Jonathan Sisto - Analyst
I'm sorry I said the next six to 12 months. Maybe, I misspoke. Sorry.
Cris Gaut - CEO
Sorry. Misunderstood. In 2013, our expectation is that things kind of bottom out, from a rig count standpoint, in the first half, and then we see improvements starting before mid-year of next year, or around mid-year in terms of the North America rig count or the US rig count. That's what we're planning for. I don't know that we given, that's why we give a range in our guidance, Jonathan. It could be that. And I think that our comments kind of incorporate continued decline through and into the first half of next year.
Jonathan Sisto - Analyst
Great. Thank you, very much.
Cris Gaut - CEO
okay, Jonathan.
Operator
Thank you. Our next question is from the line of Michael Marino. Please, go ahead.
Michael Marino - Analyst
Good morning.
Cris Gaut - CEO
Hi, Mike.
Michael Marino - Analyst
Cris, if I can just at the last question a little bit differently. If you do expect things to decline, then maybe rebound, so kind of a mirror image in 2013, would you expect any of your six sub segments to be down, year-on-year in 2013 from a top line standpoint?
Cris Gaut - CEO
If it's flow equipment, we started off the year really strong, so they would have to have a real good recovery to get back to make up for that. I would say that's probably the biggest question, but I think they will certainly see sequential improvement. Other than that, I think we feel pretty good about the cross specs for the businesses, and we also feel that we'll have progress on the acquisitions front, too.
Michael Marino - Analyst
Okay. And just as a follow-up, can you help us understand how a mixed shift affects the Subsea and Drilling margins. Obviously, drilling would be coming down, and subsea would be going up next year from a top line standpoint. What's the net result on margins?
Cris Gaut - CEO
Yes. What's nice is our margins have been converging across our product lines, and so the difference in gap between Drilling and some of the other product lines has been shrinking. So, Subsea operating income margins are a little bit lower than Drilling, but not significantly so. So I wouldn't overstate the mix effect there.
Michael Marino - Analyst
Okay. That's helpful.
Cris Gaut - CEO
And then I think the growth in Downhole where in fact there is a gap there. Those are much higher margins. And if we're successful in scaling up that business, that could be a nice positive for us.
Michael Marino - Analyst
Okay, great. That's all I had. Thanks.
Cris Gaut - CEO
I am pleased with the progress that some of our, what were lower margin businesses have made in improving their margins.
Operator
Okay. We have a next question from the line of Jeff Tillery. Please, go ahead.
Jeff Tillery - Analyst
Hi, guys. Good morning.
Cris Gaut - CEO
Hi, Jeff.
Jeff Tillery - Analyst
Cris, could you just comment what you're seeing on a leading edge basis for the Flow Equipment, and what gives you the confidence that Q4 is bottoming? Have we seen a trend in order to flatten out there yet, or is that something that you're expecting this quarter?
Cris Gaut - CEO
Yes. We are seeing orders. The book-to-bill is not yet at one, but it's converging towards that point, so that's one issue. The other would be the discussions with customers, and when we think that a higher rate of reordering will take place. It's hard to have hope until you're there, you can't have complete confidence; right? But it's based on the customer interactions, and the rate of orders relative to revenue. Anything else, Wendell?

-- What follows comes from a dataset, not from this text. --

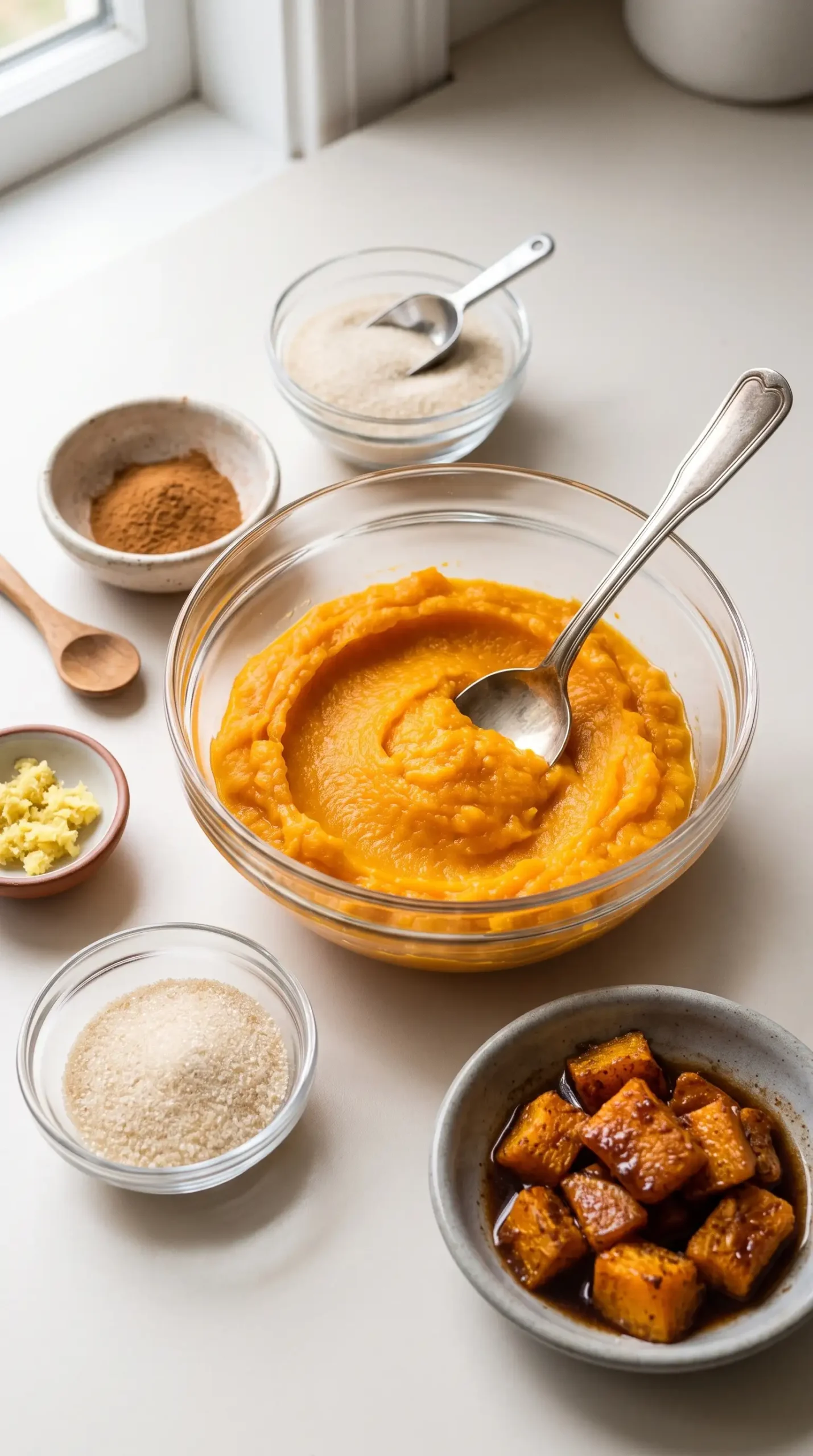 Mashed butternut squash with cinnamon and spices prepared for pancake batter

Wendell Brooks - President of Production & Infrastructure Segment
Well, I think the service and parts business as Cris mentioned, continues to grow, so that's sort of an anchor for us. And we are definitely seeing some clients coming back in to reorder parts. The destocking varies widely across the clients, but, anecdotally, we feel like we've touched bottom. As Cris said, you don't know you are there, but we feel like we're there. And next year, we should see some gradual improvement.
Cris Gaut - CEO
Good, Wendell.
Jeff Tillery - Analyst
Cris, your comment on margins converging on the businesses, was that focused just on the Drilling and Subsea business, or has that happened, as well, in production infrastructure?
Cris Gaut - CEO
It has happened in production infrastructure, as well, with production equipment and valves both seeing nice improvements in their margin. And I want to compliment the managements in both of those business lines for the improvement.
Jeff Tillery - Analyst
The last question I had, you guys talked about the total dollars exposed for the two acquisitions that were closed in the fourth quarter, just in terms of acquisition dollars paid out dollars paid out.
Cris Gaut - CEO
We haven't signed the contract, we haven't closed the second one. I don't think it would be appropriate there, and we don't want to establish a precedent of disclosing the purchase price of every deal we do. But, as I mentioned, Jeff, our intent is, in our fourth quarter conference call is, and as we give guidance for 2013, to give a little better visibility of the contribution of the acquired entities.
Jeff Tillery - Analyst
I understand. The last question I have, this will be the first Q1 where we will see you guys public in terms of the constructed the company end. Any of the companies have a downward Q1 seasonality bent?
Cris Gaut - CEO
The quarter with the fewest manufacturing days tends to be Q4. Right? With all of those holidays. I think we do have this kind of almost window dressing of balance sheets taking place, here. People not wanting to load up on working capital. Q1, we expect to be a return to normal if you will.
Jeff Tillery - Analyst
Great. Thank you, very much.
Cris Gaut - CEO
Thanks, Jeff. One more question, Mansi?
Operator
Thank you. Yes. We had a last question in the queue from the line of Joe Gibney. Please, go ahead.
Joe Gibney - Analyst
Thanks. Good morning. Just one quick question on the references to the capacity expansion, maybe Charlie or Jim, just some initial thoughts on nature and scale of that capacity as is it more greenfield, or just tacked on to existing facilities, or through acquisition? Just curious if you could provide some color on that. Appreciate it.
Jim Harris - SVP, CFO
Right. Oh, the addition for subsea capacity to anticipate, and where we see the greatest constraint, right, Charlie? Is probably in the ROV trencher area.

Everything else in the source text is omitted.